While continuing to develop furniture and household objects, Marriott has also developed – and articulated – his ideology of design by curating exhibitions at institutions such as the Geffrye Museum and Camden Arts Centre in London. Like his design projects, these curatorial exercises explore his vision of material culture. “I spend a lot of time observing and studying things and the world, analysing objects consciously and unconsciously in terms of material, function, use, misuse, form, colour, texture, finish, fixings, age, patina, junctions of line and material.”
© Design Museum + British Council, 2004
Q. How did you first become interested in design?
A. As a kid I was always interested in how things were made and put together, so that started it.
Q. How has your design education influenced on your subsequent work as a designer?
A. Enormously, in lots of ways, but I’ve learnt as much other stuff outside education.
Q. Which of your early projects were most important in defining your approach to design?
A. The XL1 Kit Chair was my major project whilst studying at the RCA, and as such it focussed my intentions at the time; to design comfortable, affordable, produce-able, friendly, honest, real furniture as opposed to irrelevant prototypes. The Postcard Light was important as my first wholly sub-contracted product. Previously I was more involved in the making process. This meant that I had to design around other ideas such as quality control.
Another important early project was the Croquet shelving. Having completed a few projects with SCP (the London-based furniture manufacturer) this project, whilst being as straight-forward in design and production terms as others, also managed to be a bit deluxe and less idiosyncratic too.

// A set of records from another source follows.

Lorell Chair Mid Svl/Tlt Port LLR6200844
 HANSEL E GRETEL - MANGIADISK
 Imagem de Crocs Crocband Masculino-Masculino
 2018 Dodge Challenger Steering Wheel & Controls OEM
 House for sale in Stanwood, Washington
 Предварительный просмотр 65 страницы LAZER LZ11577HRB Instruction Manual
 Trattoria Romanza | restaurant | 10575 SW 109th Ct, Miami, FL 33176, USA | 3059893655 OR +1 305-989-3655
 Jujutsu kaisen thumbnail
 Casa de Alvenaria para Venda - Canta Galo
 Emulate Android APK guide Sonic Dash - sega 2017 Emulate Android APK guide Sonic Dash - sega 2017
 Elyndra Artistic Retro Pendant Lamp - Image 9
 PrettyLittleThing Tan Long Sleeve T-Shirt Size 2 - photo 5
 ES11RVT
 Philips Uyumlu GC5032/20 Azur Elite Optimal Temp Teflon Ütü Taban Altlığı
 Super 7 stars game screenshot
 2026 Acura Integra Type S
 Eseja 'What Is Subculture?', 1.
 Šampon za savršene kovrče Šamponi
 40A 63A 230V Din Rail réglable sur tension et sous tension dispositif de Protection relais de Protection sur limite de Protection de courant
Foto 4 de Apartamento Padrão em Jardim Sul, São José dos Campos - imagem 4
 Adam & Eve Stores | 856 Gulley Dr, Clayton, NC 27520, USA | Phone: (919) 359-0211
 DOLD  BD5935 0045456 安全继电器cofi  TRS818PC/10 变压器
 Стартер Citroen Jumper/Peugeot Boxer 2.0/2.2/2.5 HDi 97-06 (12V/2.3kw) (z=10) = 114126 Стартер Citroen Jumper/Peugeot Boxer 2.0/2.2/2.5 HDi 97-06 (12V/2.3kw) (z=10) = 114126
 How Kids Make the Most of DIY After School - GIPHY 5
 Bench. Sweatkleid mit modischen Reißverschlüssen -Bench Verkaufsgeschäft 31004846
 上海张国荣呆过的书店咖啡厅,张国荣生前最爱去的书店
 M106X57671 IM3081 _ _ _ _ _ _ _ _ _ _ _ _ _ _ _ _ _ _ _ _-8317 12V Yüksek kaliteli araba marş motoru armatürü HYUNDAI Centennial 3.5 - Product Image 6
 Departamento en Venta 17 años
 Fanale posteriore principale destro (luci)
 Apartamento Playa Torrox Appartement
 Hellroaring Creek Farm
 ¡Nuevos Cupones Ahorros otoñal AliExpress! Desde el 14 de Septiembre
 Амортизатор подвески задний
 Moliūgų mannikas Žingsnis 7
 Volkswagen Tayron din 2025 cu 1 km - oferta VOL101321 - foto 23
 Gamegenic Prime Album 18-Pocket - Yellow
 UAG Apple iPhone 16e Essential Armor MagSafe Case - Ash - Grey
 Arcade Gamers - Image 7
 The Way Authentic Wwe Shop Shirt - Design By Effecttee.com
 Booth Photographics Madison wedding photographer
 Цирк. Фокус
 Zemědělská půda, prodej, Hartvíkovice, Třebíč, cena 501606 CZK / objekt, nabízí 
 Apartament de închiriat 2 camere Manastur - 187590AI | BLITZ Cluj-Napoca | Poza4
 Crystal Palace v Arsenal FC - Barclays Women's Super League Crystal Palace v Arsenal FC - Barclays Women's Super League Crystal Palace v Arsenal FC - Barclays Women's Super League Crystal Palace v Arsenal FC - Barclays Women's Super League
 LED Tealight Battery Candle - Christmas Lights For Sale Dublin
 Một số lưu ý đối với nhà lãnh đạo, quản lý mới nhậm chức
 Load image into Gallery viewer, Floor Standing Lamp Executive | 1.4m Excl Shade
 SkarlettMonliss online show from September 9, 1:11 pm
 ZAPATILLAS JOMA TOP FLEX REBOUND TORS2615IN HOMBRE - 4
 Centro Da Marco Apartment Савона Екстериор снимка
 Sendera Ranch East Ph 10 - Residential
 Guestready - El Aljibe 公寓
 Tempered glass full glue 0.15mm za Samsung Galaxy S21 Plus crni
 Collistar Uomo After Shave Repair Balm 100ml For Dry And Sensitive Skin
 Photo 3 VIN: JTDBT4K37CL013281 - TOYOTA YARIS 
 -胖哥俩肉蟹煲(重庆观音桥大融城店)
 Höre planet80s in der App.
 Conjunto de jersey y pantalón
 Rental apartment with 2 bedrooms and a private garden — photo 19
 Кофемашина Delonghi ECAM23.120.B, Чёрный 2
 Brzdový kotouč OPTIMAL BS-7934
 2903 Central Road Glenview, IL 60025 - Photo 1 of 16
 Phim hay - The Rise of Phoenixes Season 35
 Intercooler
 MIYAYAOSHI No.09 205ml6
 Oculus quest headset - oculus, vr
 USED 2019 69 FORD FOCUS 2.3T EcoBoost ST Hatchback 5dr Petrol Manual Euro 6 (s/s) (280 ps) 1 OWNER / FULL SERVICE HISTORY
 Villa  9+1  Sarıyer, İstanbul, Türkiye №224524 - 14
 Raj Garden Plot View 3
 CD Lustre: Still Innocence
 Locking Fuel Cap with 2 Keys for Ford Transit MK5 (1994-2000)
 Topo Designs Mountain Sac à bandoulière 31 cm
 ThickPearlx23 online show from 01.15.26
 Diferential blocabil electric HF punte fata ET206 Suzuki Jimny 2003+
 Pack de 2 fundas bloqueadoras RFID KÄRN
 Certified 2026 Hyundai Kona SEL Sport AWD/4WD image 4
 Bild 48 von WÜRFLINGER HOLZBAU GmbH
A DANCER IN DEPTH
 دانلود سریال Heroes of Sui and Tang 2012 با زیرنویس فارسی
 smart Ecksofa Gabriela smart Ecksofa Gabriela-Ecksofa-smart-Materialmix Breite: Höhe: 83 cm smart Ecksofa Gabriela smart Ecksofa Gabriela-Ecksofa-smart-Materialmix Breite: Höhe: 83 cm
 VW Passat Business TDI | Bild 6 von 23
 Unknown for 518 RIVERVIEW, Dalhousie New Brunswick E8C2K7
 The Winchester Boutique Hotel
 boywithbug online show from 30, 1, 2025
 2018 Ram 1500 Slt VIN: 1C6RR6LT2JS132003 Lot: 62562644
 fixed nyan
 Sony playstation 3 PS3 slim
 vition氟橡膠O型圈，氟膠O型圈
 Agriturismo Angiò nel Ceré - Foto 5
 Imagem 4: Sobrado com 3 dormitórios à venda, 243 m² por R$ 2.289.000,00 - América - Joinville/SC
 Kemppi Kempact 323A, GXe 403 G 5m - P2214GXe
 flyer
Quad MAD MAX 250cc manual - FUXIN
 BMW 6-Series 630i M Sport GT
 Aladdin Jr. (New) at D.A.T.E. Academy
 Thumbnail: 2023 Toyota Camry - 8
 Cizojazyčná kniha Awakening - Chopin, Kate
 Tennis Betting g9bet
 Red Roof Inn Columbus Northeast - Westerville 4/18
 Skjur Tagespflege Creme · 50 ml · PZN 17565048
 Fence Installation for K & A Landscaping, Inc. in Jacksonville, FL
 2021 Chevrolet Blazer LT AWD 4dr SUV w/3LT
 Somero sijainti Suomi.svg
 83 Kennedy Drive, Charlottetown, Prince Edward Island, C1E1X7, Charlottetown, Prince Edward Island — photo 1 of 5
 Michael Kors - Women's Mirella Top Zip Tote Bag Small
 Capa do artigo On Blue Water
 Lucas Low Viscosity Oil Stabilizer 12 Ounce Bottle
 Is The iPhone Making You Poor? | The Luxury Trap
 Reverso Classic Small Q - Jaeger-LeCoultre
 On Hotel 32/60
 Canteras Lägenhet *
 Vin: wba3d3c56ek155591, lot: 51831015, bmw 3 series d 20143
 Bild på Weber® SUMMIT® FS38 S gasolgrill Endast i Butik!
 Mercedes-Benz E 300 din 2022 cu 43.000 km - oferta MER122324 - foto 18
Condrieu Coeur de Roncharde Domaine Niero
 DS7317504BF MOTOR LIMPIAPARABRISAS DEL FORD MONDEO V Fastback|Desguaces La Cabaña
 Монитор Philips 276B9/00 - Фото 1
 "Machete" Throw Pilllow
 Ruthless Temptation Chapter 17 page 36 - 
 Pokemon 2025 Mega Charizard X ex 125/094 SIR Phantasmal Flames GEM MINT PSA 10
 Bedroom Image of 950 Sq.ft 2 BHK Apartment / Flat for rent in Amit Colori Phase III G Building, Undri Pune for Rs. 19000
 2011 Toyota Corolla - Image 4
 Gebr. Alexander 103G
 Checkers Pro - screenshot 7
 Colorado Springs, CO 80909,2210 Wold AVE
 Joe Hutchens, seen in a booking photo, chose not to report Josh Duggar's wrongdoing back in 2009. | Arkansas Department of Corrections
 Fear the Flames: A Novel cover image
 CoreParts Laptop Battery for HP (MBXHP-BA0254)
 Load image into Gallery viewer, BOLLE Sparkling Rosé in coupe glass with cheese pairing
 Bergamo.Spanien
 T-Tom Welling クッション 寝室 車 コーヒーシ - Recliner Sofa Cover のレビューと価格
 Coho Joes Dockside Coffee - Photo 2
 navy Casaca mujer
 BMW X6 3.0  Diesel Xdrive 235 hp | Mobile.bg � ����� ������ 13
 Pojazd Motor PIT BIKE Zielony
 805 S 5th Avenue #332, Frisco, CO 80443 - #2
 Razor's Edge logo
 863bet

Q. How has your work evolved since then? How have your goals changed?
A. My goals have stayed the same, I think, but my work has become more and more varied. I have ended up doing a lot of work on the periphery of actually designing products and furniture: exhibition design, writing for exhibitions, books and catalogues; designing installations for museums and galleries; teaching; and art directing a kids furniture design project.
Q. How would you describe your approach to design? What are your goals as a designer?
A. Primarily as a problem solver, looking for intelligent, resourceful, and beautiful solutions, that will provide objects with long, rich and satisfying lives. The type of problems I try to solve depend on the project. Designing an installation for Camden Art Centre requires a different approach to designing a sofa for SCP. They are both informed by the same thinking though.
Q. Who or what inspires your work?
A. Life, living, looking, people, things, cinema, music, lots of different designers, architects, artists and other people and thinking. Achille Castiglioni is probably the most obvious inspiration in terms of designers and like most designers I am always inspired by materials.
Q. Which of your design projects have you found most satisfying and why?
A. The current project is always the one that occupies so much of your mind, it's difficult to have a real perspective. But I always enjoy a different challenge, with a new set of issues to engage with.
Q. Which have you found least satisfying and why?
A. Ones that fizzle out due to unclear briefing.
Q. How have your cultural projects as a curator of exhibitions at the Geffrye Museum and Camden Arts Centre influenced your work as a designer?
A. It’s more the other way around; they are all design projects, just different contexts that require different and appropriate responses.
Q. What are the most important challenges facing designers today?
A. To make valid and relevant things.
Q. Will the design historians of the future see this as a positive or negative era for design?
A. Both, there are always some good things, but due to the way the world has changed, there is more of everything, and the good things are often obscured by the bad things.